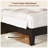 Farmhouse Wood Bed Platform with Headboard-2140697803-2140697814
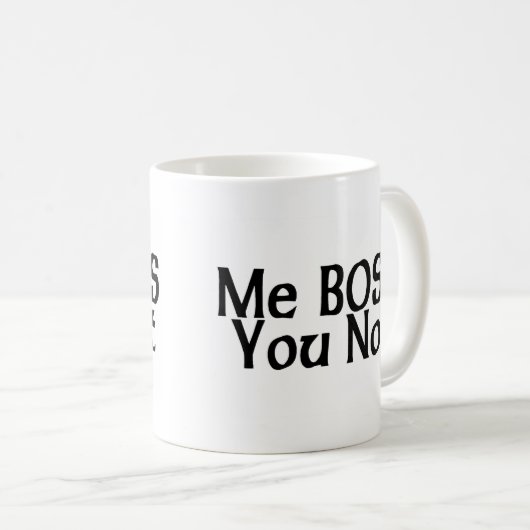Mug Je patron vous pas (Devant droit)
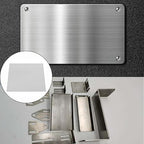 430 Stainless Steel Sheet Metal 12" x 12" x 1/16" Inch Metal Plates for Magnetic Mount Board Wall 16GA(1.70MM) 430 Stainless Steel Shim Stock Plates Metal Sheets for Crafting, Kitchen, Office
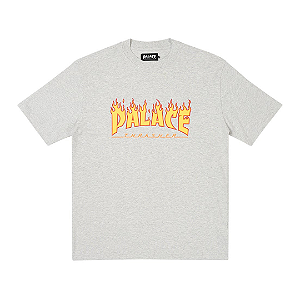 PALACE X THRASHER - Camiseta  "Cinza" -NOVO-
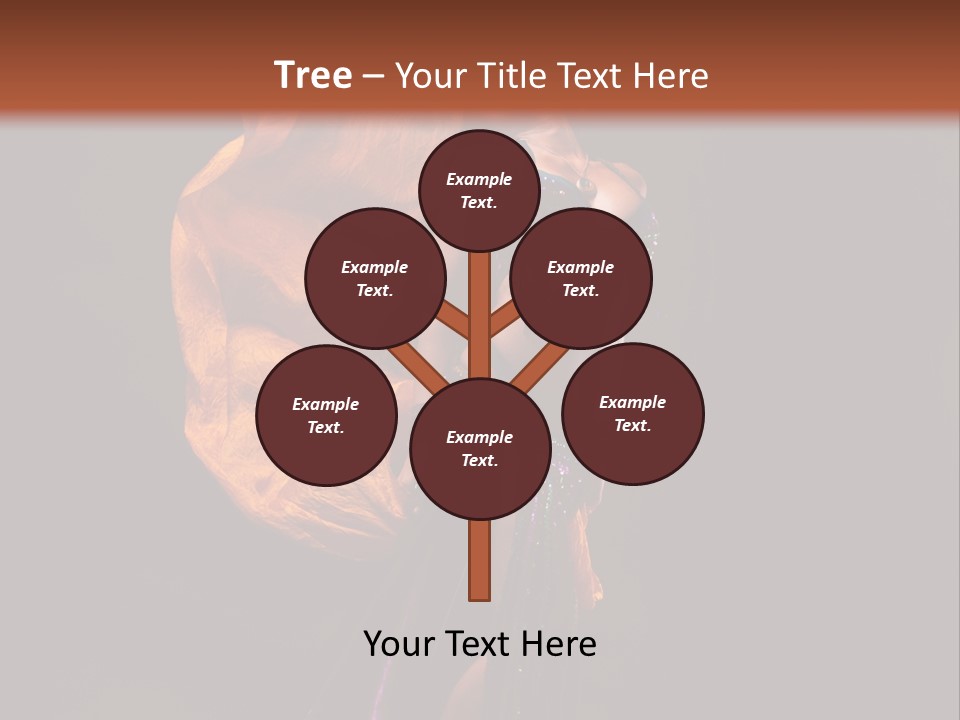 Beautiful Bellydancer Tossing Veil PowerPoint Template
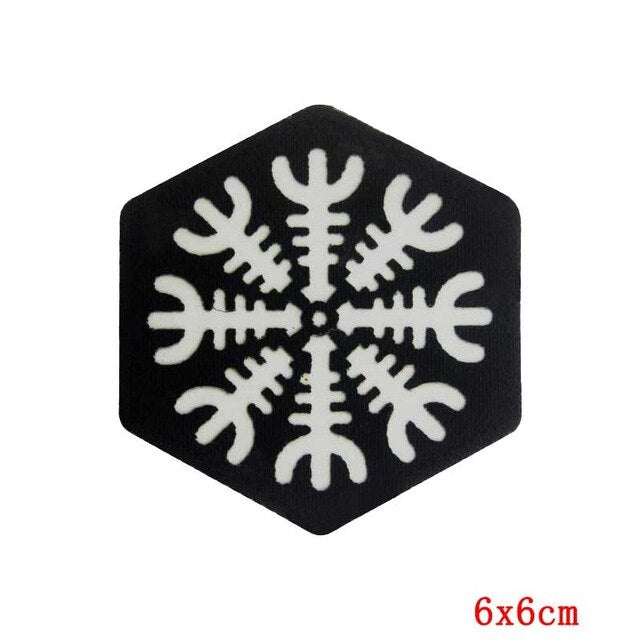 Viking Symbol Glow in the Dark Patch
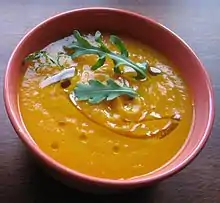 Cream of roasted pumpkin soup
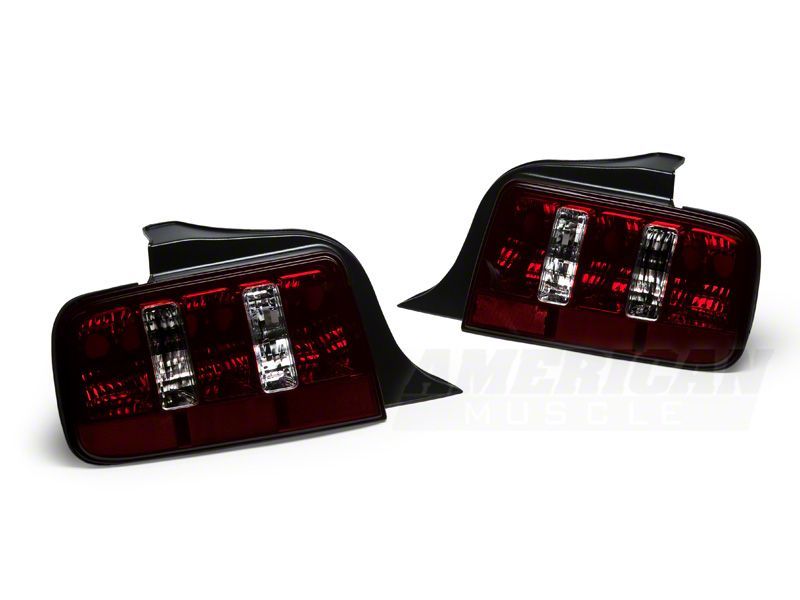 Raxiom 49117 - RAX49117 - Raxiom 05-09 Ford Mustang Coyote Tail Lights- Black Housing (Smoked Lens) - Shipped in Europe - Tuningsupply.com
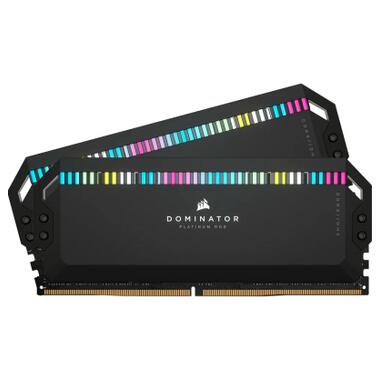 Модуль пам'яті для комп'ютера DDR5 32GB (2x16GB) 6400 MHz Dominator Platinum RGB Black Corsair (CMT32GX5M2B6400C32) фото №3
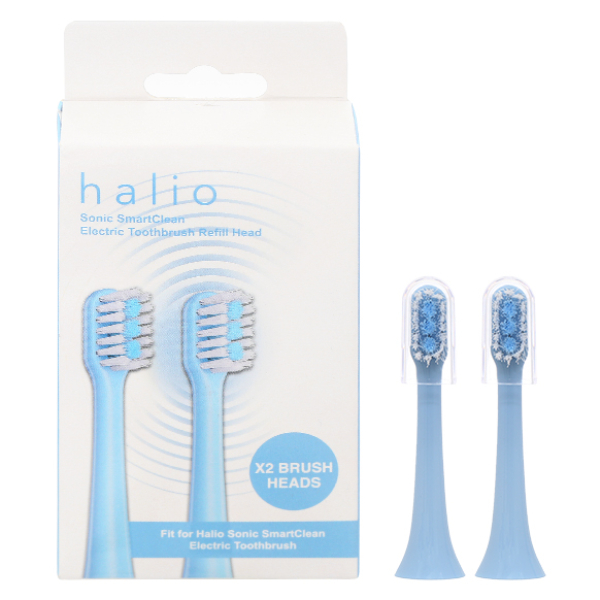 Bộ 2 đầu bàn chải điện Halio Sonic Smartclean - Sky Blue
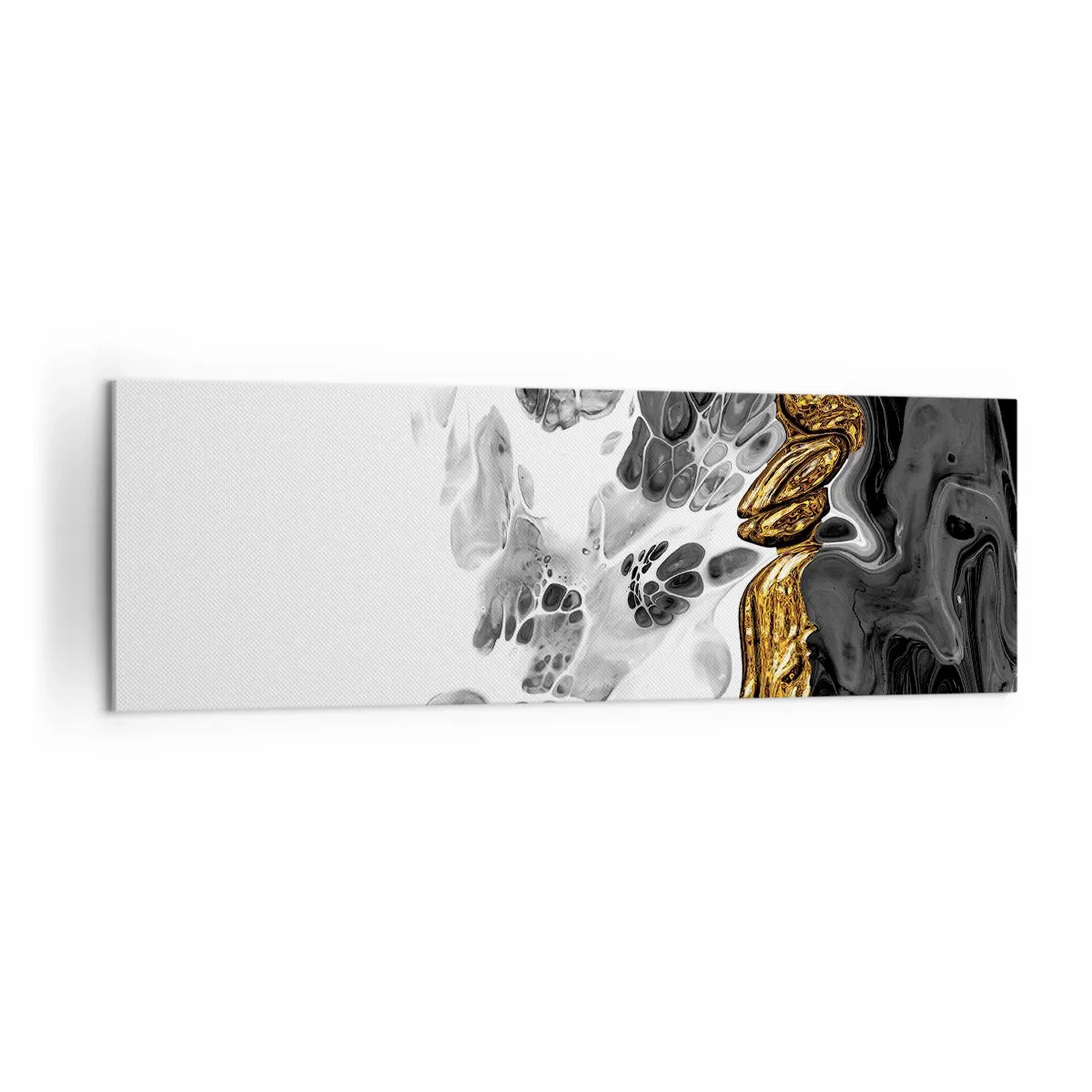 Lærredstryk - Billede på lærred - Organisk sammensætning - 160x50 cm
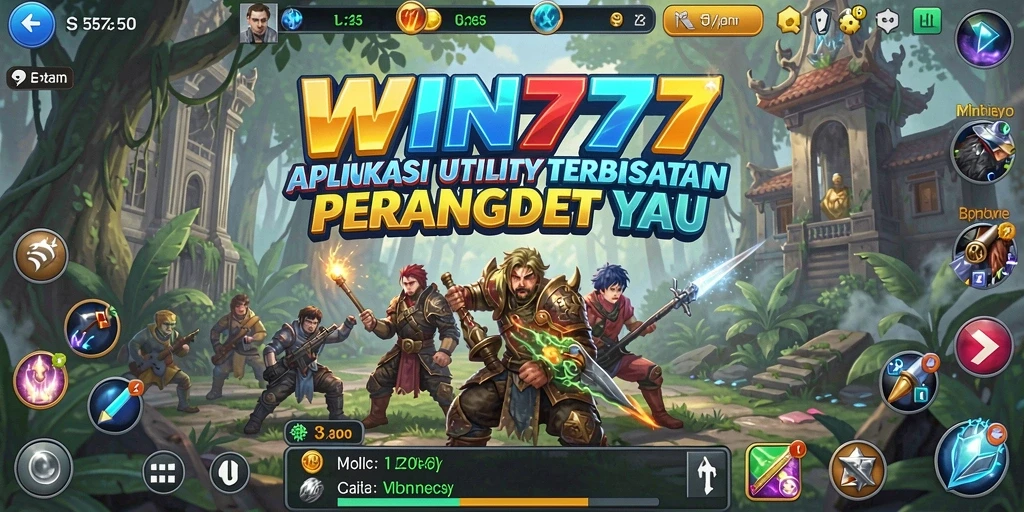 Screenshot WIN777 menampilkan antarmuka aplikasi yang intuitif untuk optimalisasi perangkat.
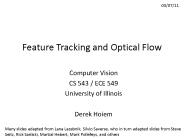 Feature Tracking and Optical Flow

____________

__To do__. All lines from the one that contains "Mug Je patron vous pas (Devant droit)" through the last line of the data should be retyped exactly, with the pictures left out.

__Expected output__.
Mug Je patron vous pas (Devant droit)
 430 Stainless Steel Sheet Metal 12" x 12" x 1/16" Inch Metal Plates for Magnetic Mount Board Wall 16GA(1.70MM) 430 Stainless Steel Shim Stock Plates Metal Sheets for Crafting, Kitchen, Office
 PALACE X THRASHER - Camiseta  "Cinza" -NOVO-
 Beautiful Bellydancer Tossing Veil PowerPoint Template
 Viking Symbol Glow in the Dark Patch
 Cream of roasted pumpkin soup
 Raxiom 49117 - RAX49117 - Raxiom 05-09 Ford Mustang Coyote Tail Lights- Black Housing (Smoked Lens) - Shipped in Europe - Tuningsupply.com
 Модуль пам'яті для комп'ютера DDR5 32GB (2x16GB) 6400 MHz Dominator Platinum RGB Black Corsair (CMT32GX5M2B6400C32) фото №3
 Bộ 2 đầu bàn chải điện Halio Sonic Smartclean - Sky Blue
 Lærredstryk - Billede på lærred - Organisk sammensætning - 160x50 cm
 Screenshot WIN777 menampilkan antarmuka aplikasi yang intuitif untuk optimalisasi perangkat.
 Feature Tracking and Optical Flow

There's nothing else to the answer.